# Deep Learning: More Convolutional Neural Networks

Welcome back! Today’s small–group lecture explores **Convolutional Neural Networks (CNNs)**, building directly on what we've learned so far in deep learning.

By the end of this session, you will be able to:
- Understand the intuition behind CNNs and why they work so well for image data.
- Build a multi-layer PyTorch CNN from scratch.
- Explain the role of activation functions, batch normalization, and max pooling.
- Train, validate, and analyze a CNN’s performance.
- Understand core training concepts such as optimizers, loss functions, epochs, and learning rate.

This lecture is designed to feel like a guided walkthrough — with explanations of not just **what** we do, but **why** we do it.

Let's begin!

In [1]:
import torch
import torch.nn as nn
import torch.optim as optim
import torchvision
import torchvision.transforms as transforms
from tqdm import tqdm

print(f"Pytorch version: {torch.__version__}")
print(f"Torchvision version: {torchvision.__version__}")

Pytorch version: 2.3.1.post100
Torchvision version: 0.18.1


### Note: Python must be 3.11.x

If your kernel shows a value > 3.11.x you will need to downgrade. Please email the staff for help.

**Why does this matter?** Some PyTorch wheels break under Python 3.12 due to ABI changes. Always confirm version compatibility when working with deep learning frameworks.

In [2]:
# DEVICE CONFIGURATION
if torch.backends.mps.is_available():          # Apple Silicon
    device = torch.device("mps")
elif torch.cuda.is_available():                # CUDA GPU
    device = torch.device("cuda")
else:
    device = torch.device("cpu")               # Fallback

print("Using device:", device)

Using device: mps


For today's small group, we will walk through the process of setting up a convolutional neural network ("CNN" for short) using the `pytorch` package!

CNNs shine when working with **structured grid data**, especially images — tasks like classification, segmentation, object detection, and more.

Why? Because CNNs:
- Capture local patterns (edges, textures) via **convolutions**.
- Build hierarchical features (shapes → objects) through **stacked layers**.
- Use **shared weights**, making them efficient and translation-invariant.

Let’s load a dataset so we can see these ideas in action.

Recall from lecture that CNNs are generally used to process gridded data or images.

Let's begin by loading one of the toy datasets included in `pytorch`: **CIFAR-10**.

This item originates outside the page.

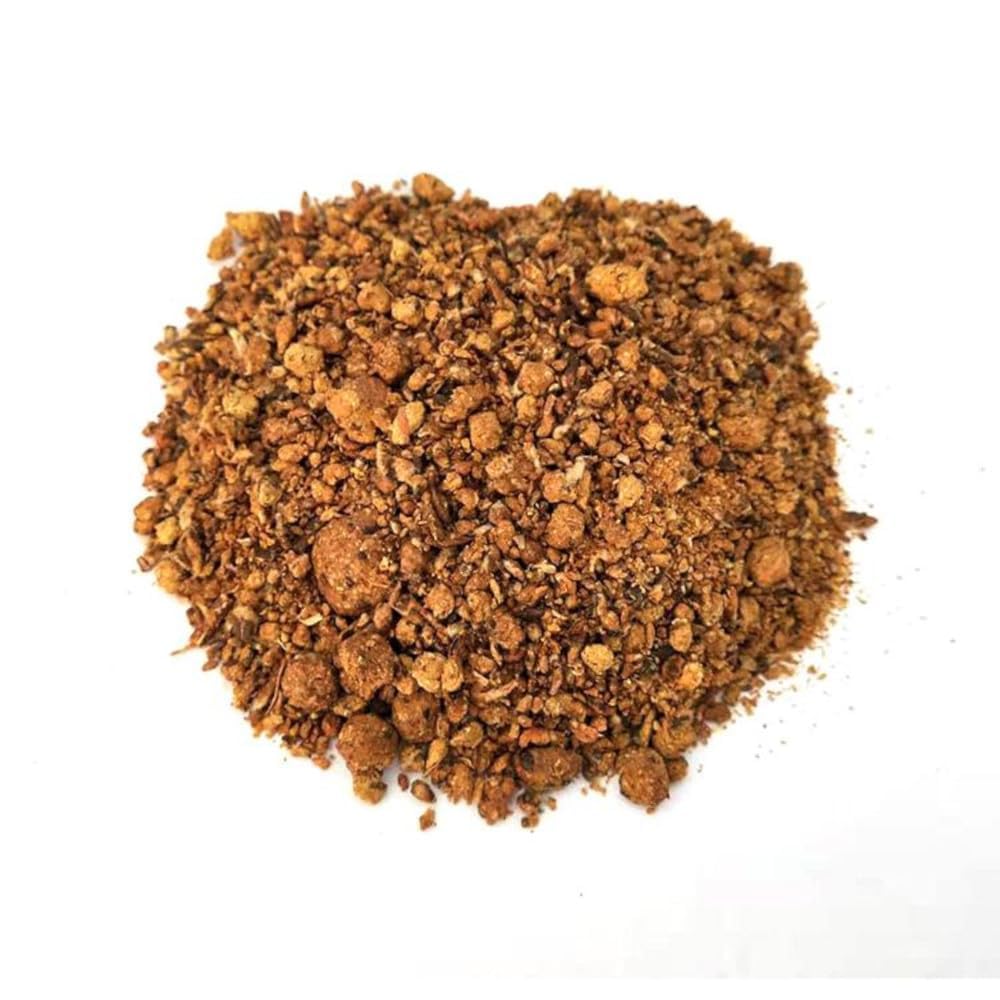 10 Pounds - Cottonseed Meal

The dataset contains 60,000 small 32×32 color images belonging to 10 different classes:

In [3]:
# init preprocessing for CIFAR-10 dataset (images are 32x32x3)
transform = transforms.Compose([
    transforms.ToTensor(),
    transforms.Normalize((0.5, 0.5, 0.5), (0.5, 0.5, 0.5))  # normalize to [-1, 1]
])

In [4]:
batch_size = 100
train_dataset = torchvision.datasets.CIFAR10(root='./data', train=True,
                                             download=True, transform=transform)
train_loader = torch.utils.data.DataLoader(train_dataset, batch_size=batch_size, shuffle=True)

test_dataset = torchvision.datasets.CIFAR10(root='./data', train=False,
                                            download=True, transform=transform)
test_loader = torch.utils.data.DataLoader(test_dataset, batch_size=batch_size, shuffle=False)

Files already downloaded and verified
Files already downloaded and verified


Great! We have image data now. But what does it look like?

Visualizing your data is an essential first step — especially in computer vision.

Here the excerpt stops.